I’m not sure I’ve ever been more disappointed in a politician than I’ve become with Bernie Sanders. He was My Guy in the beginning. I really wanted him to be the real deal. I hoped for a year, that he would substitute sloganeering for actionable plans, and unfortunately I’m still waiting. As the months ticked by and his chances started to look noticeably slimmer, the tone shifted. It seemed to be impossible for Bernie and his supporters to accept that the majority of democratic voters simply did not have faith that he could accomplish all he was promising — The game MUST be rigged! Don’t get me started on the various conspiracy theories. If nothing else, Sanders and his fans have certainly kept the tin-foil manufacturers in business.
I truly loved how, from the beginning, he pledged he would not run a negative campaign…And this is where he eventually lost me. In the past few months I have watched as Bernie’s campaign and supporters gladly accepted the same manufactured untruths that the GOP has been churning up for the past 35 years about the Clintons, and shared them with glee. In fact, they’ve even started adding their own unfounded smears to the catalog. I’ve seen a lot of negative campaigning over the years, but this one has been truly ugly. Even now, as his mathematical chances are blatantly absurd, I received yet another attack email from Bernie’s Campaign Manager this morning, accusing Hillary Clinton of money laundering. As usual, there was no proof of actual wrong-doing, but apparently that’s no longer necessary in what has now morphed into a win-at-all-costs approach. What exactly does “winning” even look like in this scenario?
I’ve had numerous conversations with Hillary supporters who’ve tried to share pro-Hillary articles on social media (or even, god-forbid, Bernie critiques), but who had been so viciously attacked for it by Bernie fans, that they decided it just wasn’t worth voicing their opinions. This bullying has been pervasive throughout the campaign, and all over the internet. The comments sections of articles have been littered with some of the most disgusting, misogynistic and hateful rhetoric you’ll ever see, and Bernie has remained silent throughout all of it. I’m sure I’ll garner my own share of vitriol for posting this, but it makes me physically ill to sit and watch these ongoing attacks.
Sadly, it turns out that Bernie is not the Liberal Messiah after all. Of course we all should have known this, but so badly we had wanted it to be true. In fact, despite the sheer volume of propaganda generated to make Hillary seem somehow Conservative, he’s really not much more liberal than Ms. Clinton after all. The truth is, their voting records show that they voted identically on 93% of all legislation sent their way. They both have long records of championing societal safety nets for those Americans who are most in need, abused, or discriminated against. There is a very good reason why Conservatives despise both of these candidates with a passion. Bernie Sanders is a very principled, though flawed, politician. The plain fact is, that I love most of the principles he voices, I just didn’t trust that he’d be as effective at getting those ideals translated into laws, as much as I trust that Hillary will.
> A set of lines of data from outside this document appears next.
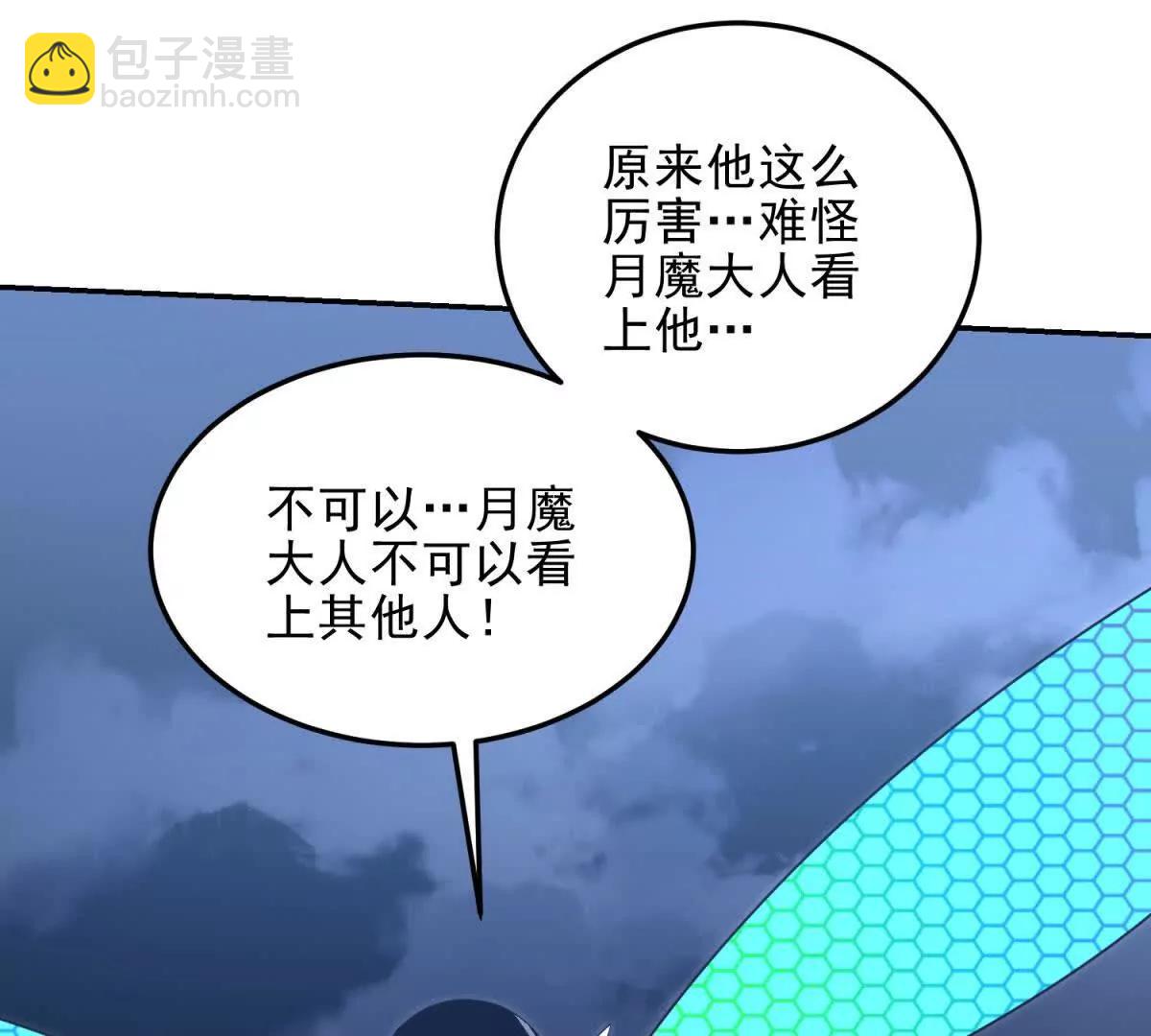 世界從零開始 - 第5話 不滅之火(1/4) - 3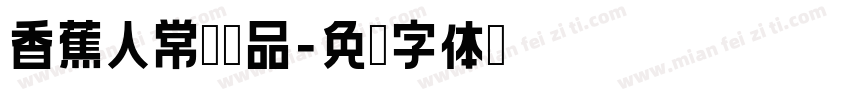 香蕉人常规样品字体转换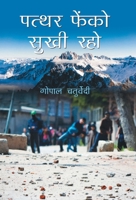 Patthar Phenko, Sukhi Raho 935322229X Book Cover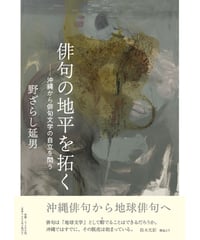 野ざらし延男評論集 『俳句の地平を拓く―沖縄から俳句文学の自立を問う』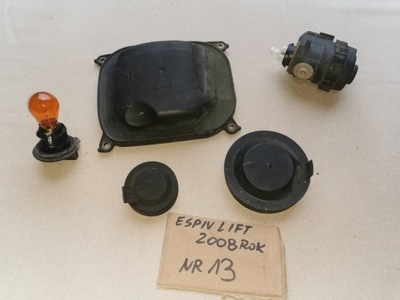 Заглушка защита моторчик вкладыш ксенон ксенон espace iv lift 2007 фото №1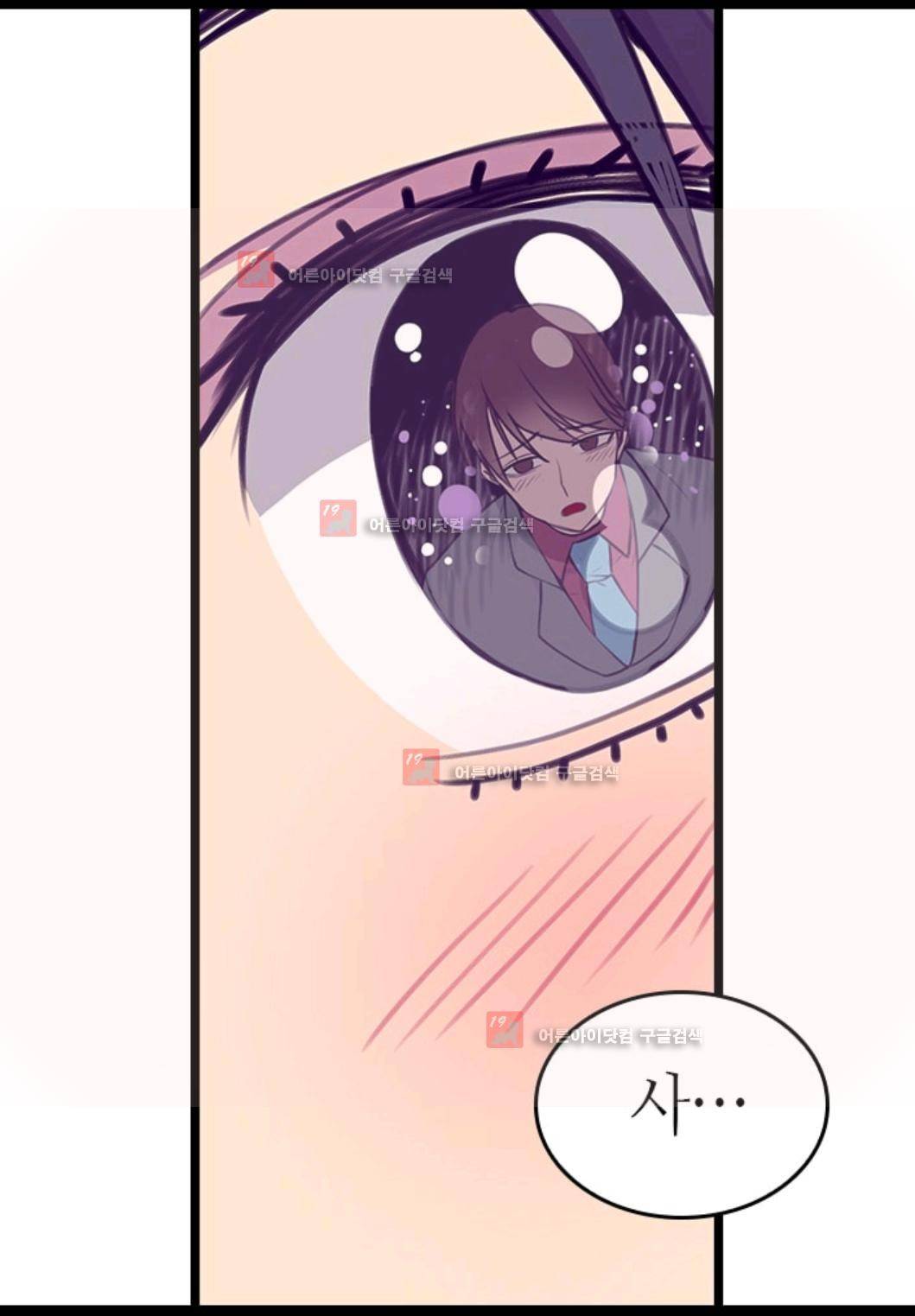 왕의 딸로 태어났다고 합니다 77화 80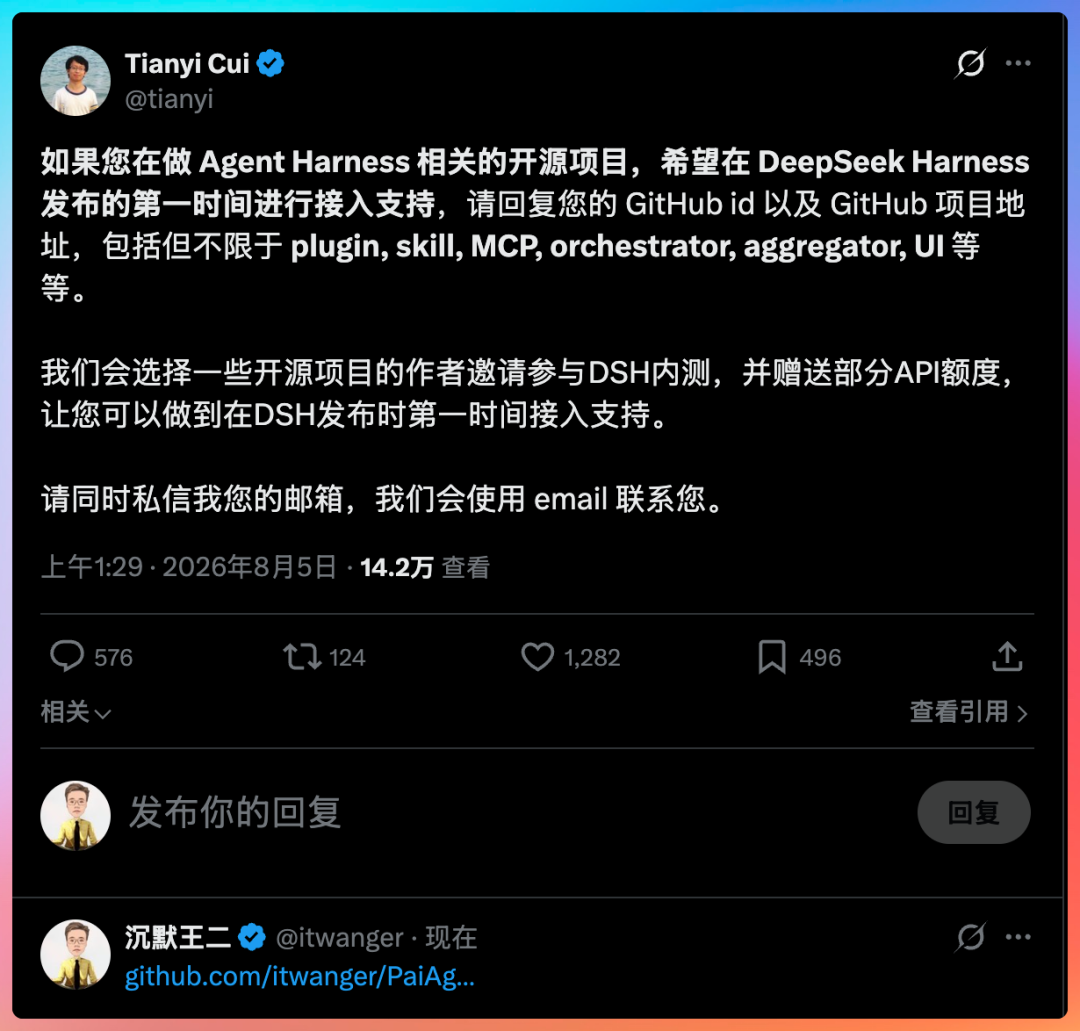 DeepSeek员工Tianyi Cui在社交媒体发布的Agent Harness开源项目内测邀请信息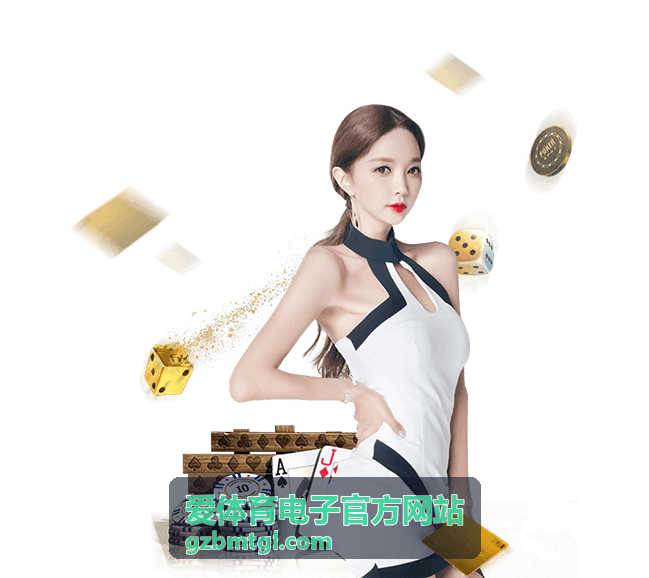 爱体育电子官方网站赛事资讯：奥运田径选拔赛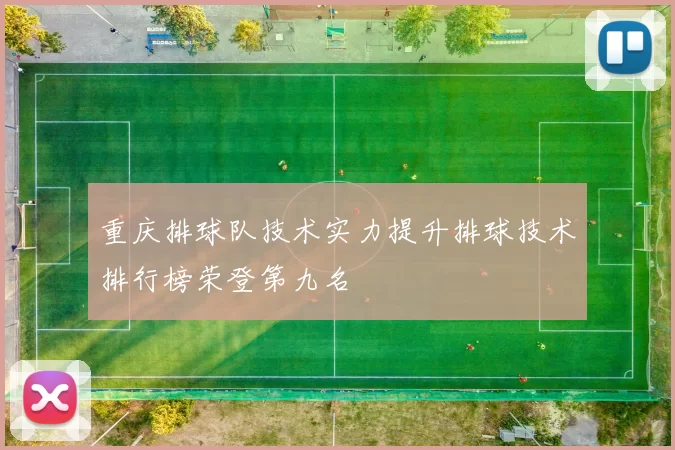 重庆排球队技术实力提升排球技术排行榜荣登第九名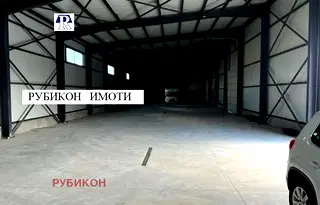Склад в Пловдив, Индустриална зона - Юг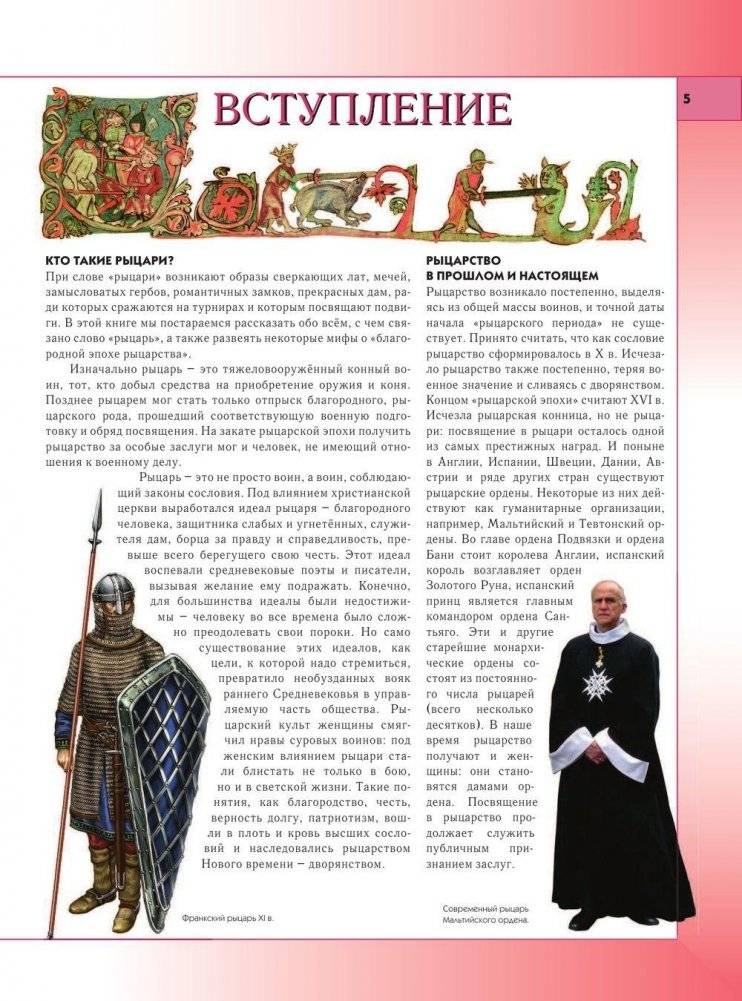 Рыцари. Полная энциклопедия фото книги 5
What is at once charming about Bernie is also what makes one nervous about his ability to effectively govern. I won’t print my age here, but let it suffice that I have witnessed decades of elections and the resulting governance from them, and anyone that has spent any time whatsoever observing politics, knows that effective politics is the art of compromise. This is especially true in our wonderful melting pot of cultures, ideals and opinions. In a nutshell, it’s pretty much what our country was founded on. If you wish to be a politician who represents and accomplishes the goals of the constituency that voted you into office, you need to accept and learn how to negotiate and unfortunately compromise. At his age, you’d assume Bernie knows this by now, and yet he comes to all political interactions with the completely unbending attitude of a teenager. As though all compromise in life is for the weak. As though other people in the world might have differing opinions from yours, but they must either be wrong, or “sell outs”. This is not the approach of a politician who gets things accomplished, and unfortunately it probably explains how Bernie has been in American politics for so long, and yet has authored and passed so little legislation. At this very moment we are witnessing a glaring example of a large group of politicians who have adopted this same attitude, this attitude of complete refusal to compromise, and ironically they are the people that Bernie rails against (when he’s not railing against Hillary) — The Republicans in The House and in The Senate. Over seven years, all they’ve accomplished is a historic record of obstructionism. I can’t even imagine how much more dysfunctional Washington could become with a President who might be just as intractable as the Congress they would have to work with. It’s alarming and yet in this light, not surprising that, out of all his fellow Democratic Senators, who have worked shoulder-to-shoulder with Bernie for so many years, only one has actually come out to endorse him in this election.
What makes me most sad though, is that Bernie seems to be rapidly tarnishing what could have been a wonderful legacy. He almost strikes as a different man from the one that started this campaign. Is it hubris? Frustration at the results of his labors? Bad advice? I really do hope that when people look back at this time, they don’t just remember Bernie as “that old angry guy who almost pulled a ‘Ralph Nader’ in the 2016 election.”